In small or weak shears (or at the bottom of one) it is sometimes necessary to remain in one area to stay aloft, with the lift so sporadic that continuous circling is impractical.   A parcel of air that feels very thermal-like can suddenly fall still and begin to sink.   Be ready at any moment to abandon a conventional circling turn and fly toward the shear’s rising side.   Where the shear is narrow, figure eights may be more effective, mixed with occasional full circles or straight runs.   If using a figure-eight, make your turns toward the livelier air mass at each end of your eight, just as when turning into the wind each time while ridge soaring.

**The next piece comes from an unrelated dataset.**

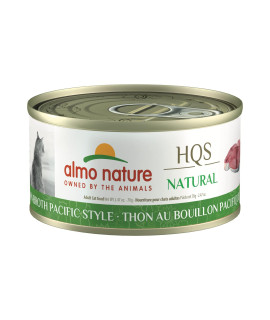 Almo Nature Hqs Natural Tuna In Broth Pacific Style Grain Free Wet Canned Cat Food (24 Pack Of 247 Oz70G Cans)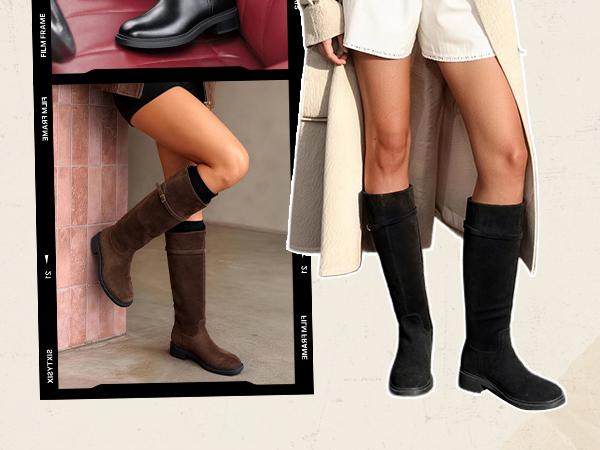 DREAM PAIRS Knee-High Buckle Strap Riding Boots | Round Toe Straight Shaft Knee-high Easy Pull-on Adjustable Metal Buckle 5mm Foam Insole Faux Suede & PU Leather Tall Boot, Foam Sole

Shear lift can also bubble up in cyclically, first in one spot, then in another, and later back where it was before.   A sort of rhythm may exist, allowing you to anticipate and move away from one area when it weakens, arriving elsewhere just as newer lift begins to build.

The trick, whether holding station in an isolated patch of shear or running along a line that extends out of sight, is to remain within that interface where the merging of flows is most dynamic.   Meanwhile, a shear’s character can vary greatly as you travel along it, or as you or it change altitudes.    Therefore, employ multiple models interdependently to visualize what is actually happening and be ready to alter your assessment and technique at any moment.   Remember that, typically, the best lift will lie in a narrow interface between two distinct wind directions or wind strengths.   Drifting in a crosswind toward the opposing wind shortens a search for optimal lift.   Feel and watch constantly for subtle – or not so subtle – changes.   Be ready to respond immediately to differences in either the feel of the ambient air or your mental conception of physical conditions.   Porpoise, veer off course as necessary to follow the shear, but stop to climb only when the lift is stronger than average or you need altitude.

Cloud formations caused by such action can be very short-lived, or could last all day.   They usually help in finding lift, but if they’re far above you they may be deceptive.   Clouds could appear above an area that’s presently inactive at your altitude, while down where you are the lift might be better where there are no clouds overhead.   Here too, a useful rhythm may be discernable.